--- RECORDS SUPPLIED ---

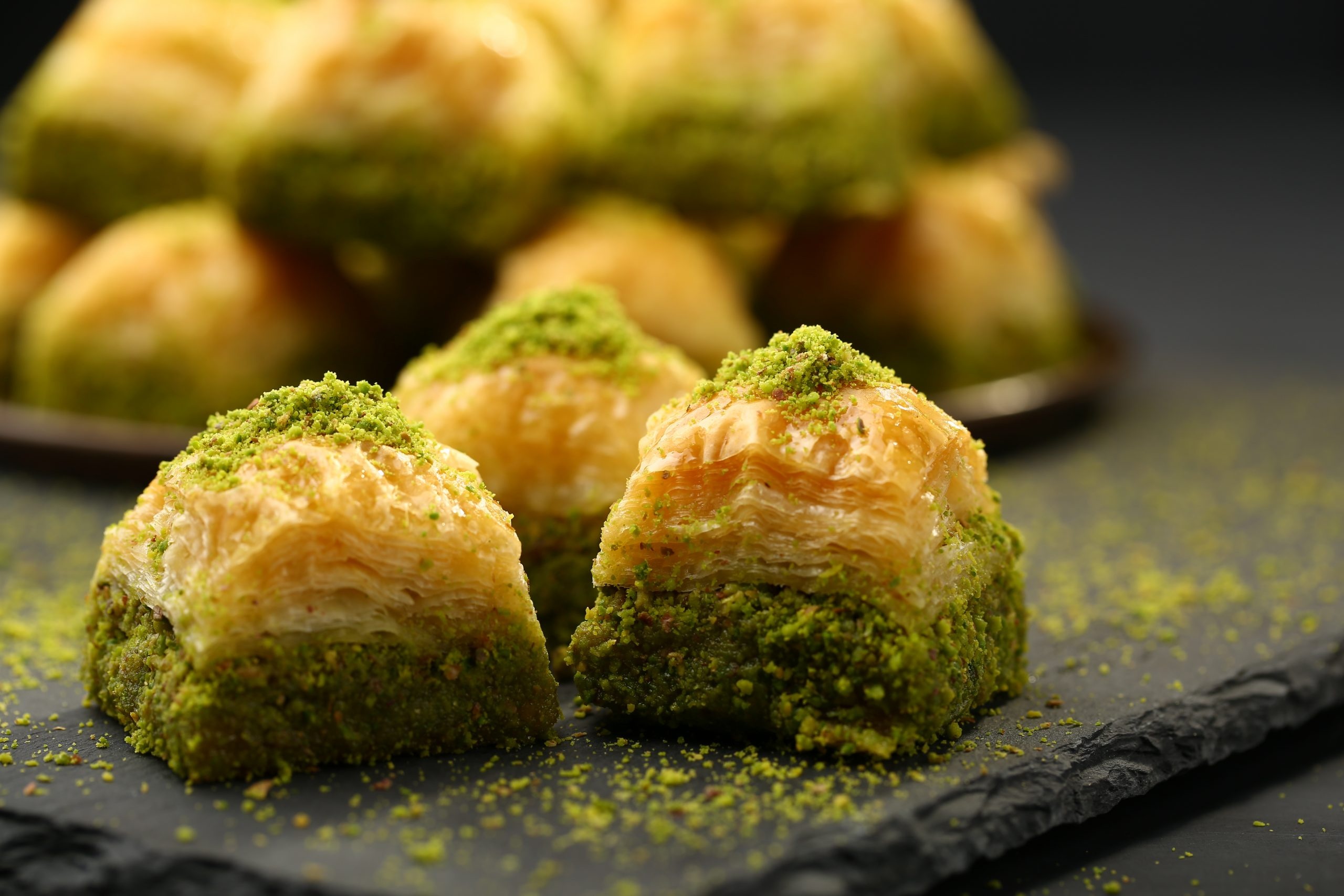 Baklava: Sheets of phyllo are layered in a baking pan with finely chopped nuts. 2560x1710 HD Background.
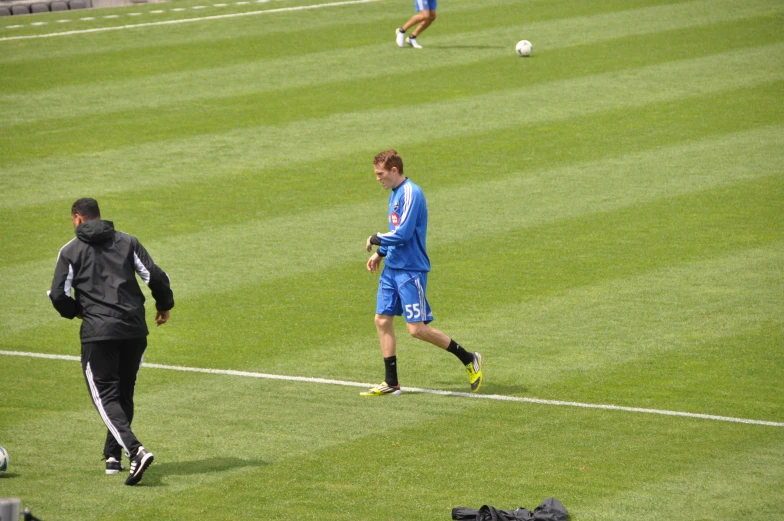 three soccer players on the field playing and a coach is watching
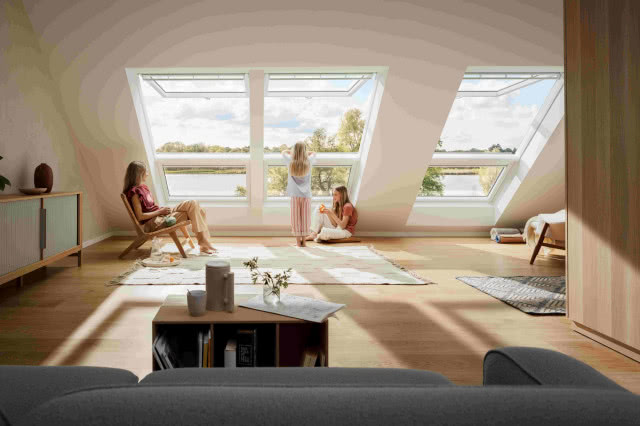 duże okna dachowe, dzieci wyglądające przez okno, Kobieta siedzi na fotelu, dywan, dużo słońca, kanapa, stolik kawowy, komoda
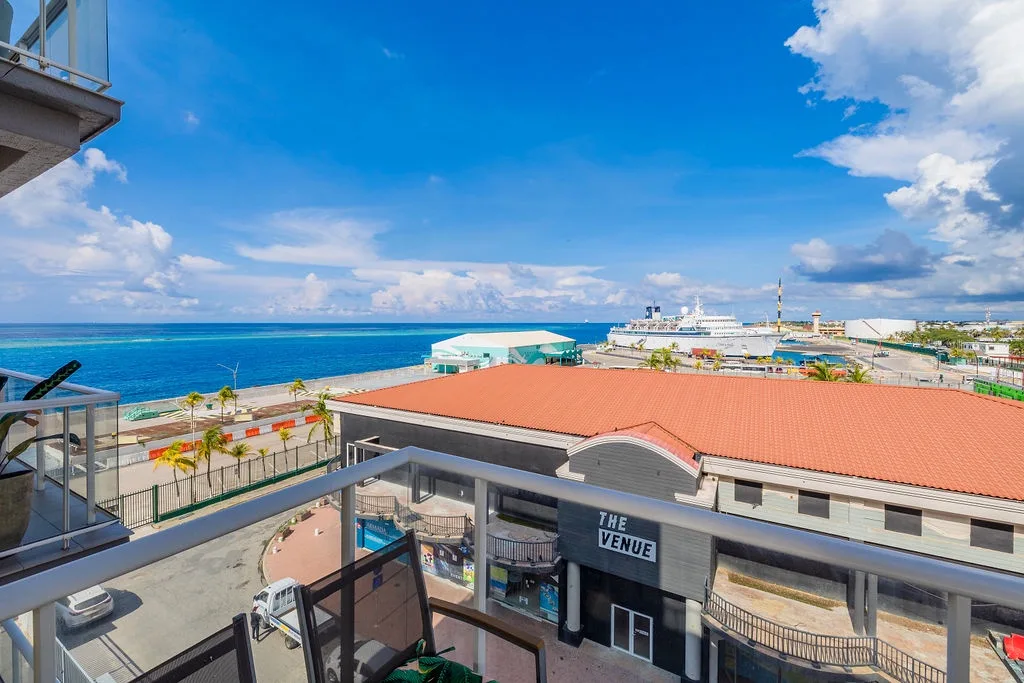 Sweeping coastal views stretch from the balcony, showcasing vibrant blue waters, nearby port activity, and the surrounding island neighborhood under open skies.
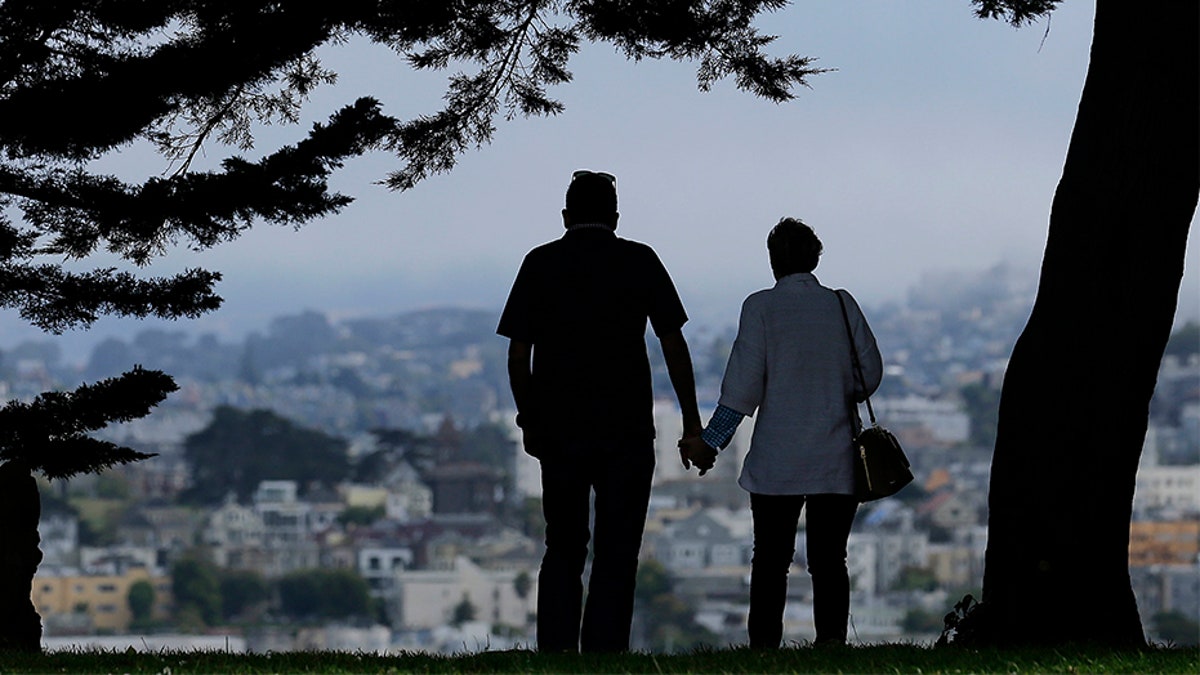 A man and woman walk under trees down a path at Alta Plaza Park in San Francisco. Data from the U.S. Census Bureau shows the median age in the U.S has increased by a year to 38.2 years from 2010 to 2018.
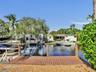 Waterfront canal property featuring a wooden boat dock, mature landscaping, and structural seawall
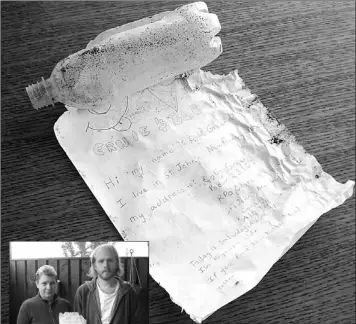  ?? — Submitted photos ?? Brigitte Bjarnason and her 22-year-old son Sven hold the Newfoundla­nd message they uncovered from a plastic bottle in Iceland.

---

_REQUIRED ACTION_
Pictures stay out; the entries above are to be output exactly as given.

_SOLUTION FOR THIS PROBLEM_
 Baklava: Sheets of phyllo are layered in a baking pan with finely chopped nuts. 2560x1710 HD Background.
 three soccer players on the field playing and a coach is watching
 duże okna dachowe, dzieci wyglądające przez okno, Kobieta siedzi na fotelu, dywan, dużo słońca, kanapa, stolik kawowy, komoda
 Sweeping coastal views stretch from the balcony, showcasing vibrant blue waters, nearby port activity, and the surrounding island neighborhood under open skies.
 A man and woman walk under trees down a path at Alta Plaza Park in San Francisco. Data from the U.S. Census Bureau shows the median age in the U.S has increased by a year to 38.2 years from 2010 to 2018.
 Waterfront canal property featuring a wooden boat dock, mature landscaping, and structural seawall
  ?? — Submitted photos ?? Brigitte Bjarnason and her 22-year-old son Sven hold the Newfoundla­nd message they uncovered from a plastic bottle in Iceland.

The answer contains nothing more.